TASK OBJECTIVE:
What lines of the data include the string "shirt"? Copy them all.

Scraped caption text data

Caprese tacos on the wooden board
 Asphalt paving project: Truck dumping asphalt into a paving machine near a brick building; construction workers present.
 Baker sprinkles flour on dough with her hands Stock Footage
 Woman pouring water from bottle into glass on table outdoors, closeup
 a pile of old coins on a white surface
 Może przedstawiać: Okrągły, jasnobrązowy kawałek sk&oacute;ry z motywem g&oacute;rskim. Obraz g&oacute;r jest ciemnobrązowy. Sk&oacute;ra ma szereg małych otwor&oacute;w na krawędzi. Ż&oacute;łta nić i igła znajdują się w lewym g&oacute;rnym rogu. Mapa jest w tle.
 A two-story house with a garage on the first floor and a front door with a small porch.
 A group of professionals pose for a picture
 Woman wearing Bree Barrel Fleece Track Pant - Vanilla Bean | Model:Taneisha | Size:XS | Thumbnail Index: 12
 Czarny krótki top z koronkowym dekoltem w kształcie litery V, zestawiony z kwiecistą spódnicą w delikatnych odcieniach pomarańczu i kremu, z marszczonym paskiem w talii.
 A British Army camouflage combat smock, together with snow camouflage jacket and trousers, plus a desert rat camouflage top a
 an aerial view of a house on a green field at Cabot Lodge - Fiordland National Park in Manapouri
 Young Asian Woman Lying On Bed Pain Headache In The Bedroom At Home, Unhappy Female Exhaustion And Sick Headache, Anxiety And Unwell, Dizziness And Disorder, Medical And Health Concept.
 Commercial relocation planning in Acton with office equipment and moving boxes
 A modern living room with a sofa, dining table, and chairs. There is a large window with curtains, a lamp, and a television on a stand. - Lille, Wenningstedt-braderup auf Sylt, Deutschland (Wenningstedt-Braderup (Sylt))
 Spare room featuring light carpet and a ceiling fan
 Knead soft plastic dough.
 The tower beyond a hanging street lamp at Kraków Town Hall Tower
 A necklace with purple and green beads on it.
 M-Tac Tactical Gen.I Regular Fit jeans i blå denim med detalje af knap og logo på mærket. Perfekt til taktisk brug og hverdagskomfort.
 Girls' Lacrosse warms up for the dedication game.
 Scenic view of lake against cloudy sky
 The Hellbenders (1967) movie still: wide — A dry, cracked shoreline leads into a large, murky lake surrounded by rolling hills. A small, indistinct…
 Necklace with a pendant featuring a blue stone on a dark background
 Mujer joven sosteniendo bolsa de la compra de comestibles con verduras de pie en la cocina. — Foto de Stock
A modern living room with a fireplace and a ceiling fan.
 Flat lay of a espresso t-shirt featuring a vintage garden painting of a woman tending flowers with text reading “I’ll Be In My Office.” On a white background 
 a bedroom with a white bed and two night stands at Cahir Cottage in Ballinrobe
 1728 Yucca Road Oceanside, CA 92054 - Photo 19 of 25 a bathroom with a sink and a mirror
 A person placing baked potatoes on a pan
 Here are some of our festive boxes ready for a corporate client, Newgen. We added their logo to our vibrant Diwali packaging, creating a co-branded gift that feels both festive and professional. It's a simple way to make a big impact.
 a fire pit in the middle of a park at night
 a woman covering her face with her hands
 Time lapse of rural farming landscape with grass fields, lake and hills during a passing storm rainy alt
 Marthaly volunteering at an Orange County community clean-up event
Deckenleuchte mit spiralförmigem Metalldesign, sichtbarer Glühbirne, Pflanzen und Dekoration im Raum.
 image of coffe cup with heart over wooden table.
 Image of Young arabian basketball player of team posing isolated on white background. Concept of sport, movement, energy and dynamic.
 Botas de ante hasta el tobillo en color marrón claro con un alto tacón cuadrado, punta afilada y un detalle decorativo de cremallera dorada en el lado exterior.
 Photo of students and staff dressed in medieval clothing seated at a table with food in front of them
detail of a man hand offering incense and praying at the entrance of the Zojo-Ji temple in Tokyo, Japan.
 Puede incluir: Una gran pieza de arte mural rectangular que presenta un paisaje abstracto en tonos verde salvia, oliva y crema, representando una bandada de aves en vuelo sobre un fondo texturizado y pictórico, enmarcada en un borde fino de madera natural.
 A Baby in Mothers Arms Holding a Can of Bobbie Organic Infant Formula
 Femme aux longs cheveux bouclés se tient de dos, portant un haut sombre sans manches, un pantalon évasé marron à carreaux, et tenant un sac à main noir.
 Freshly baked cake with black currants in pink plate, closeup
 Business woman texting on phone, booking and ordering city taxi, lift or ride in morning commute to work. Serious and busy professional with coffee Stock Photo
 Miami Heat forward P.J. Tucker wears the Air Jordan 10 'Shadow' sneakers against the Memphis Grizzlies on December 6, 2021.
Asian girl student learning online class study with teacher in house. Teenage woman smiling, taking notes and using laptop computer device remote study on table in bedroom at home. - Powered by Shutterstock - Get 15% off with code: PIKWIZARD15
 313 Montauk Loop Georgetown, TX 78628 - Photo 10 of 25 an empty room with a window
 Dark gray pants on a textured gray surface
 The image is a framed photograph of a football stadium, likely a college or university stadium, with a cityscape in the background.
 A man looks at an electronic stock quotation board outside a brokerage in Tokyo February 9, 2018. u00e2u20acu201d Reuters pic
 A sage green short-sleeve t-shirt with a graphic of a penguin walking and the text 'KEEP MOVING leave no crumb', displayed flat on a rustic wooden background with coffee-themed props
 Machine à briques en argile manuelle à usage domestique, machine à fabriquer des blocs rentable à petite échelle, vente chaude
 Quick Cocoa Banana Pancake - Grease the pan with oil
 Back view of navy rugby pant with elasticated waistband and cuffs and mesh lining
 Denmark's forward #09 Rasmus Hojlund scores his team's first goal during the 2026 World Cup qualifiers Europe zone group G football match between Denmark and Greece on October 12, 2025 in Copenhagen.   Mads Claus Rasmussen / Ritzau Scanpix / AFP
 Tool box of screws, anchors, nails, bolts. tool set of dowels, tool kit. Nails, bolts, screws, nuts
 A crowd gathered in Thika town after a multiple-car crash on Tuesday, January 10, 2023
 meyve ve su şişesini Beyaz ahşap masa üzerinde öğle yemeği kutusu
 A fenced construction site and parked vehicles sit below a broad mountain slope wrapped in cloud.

TASK RESPONSE:
 Flat lay of a espresso t-shirt featuring a vintage garden painting of a woman tending flowers with text reading “I’ll Be In My Office.” On a white background 
 A sage green short-sleeve t-shirt with a graphic of a penguin walking and the text 'KEEP MOVING leave no crumb', displayed flat on a rustic wooden background with coffee-themed props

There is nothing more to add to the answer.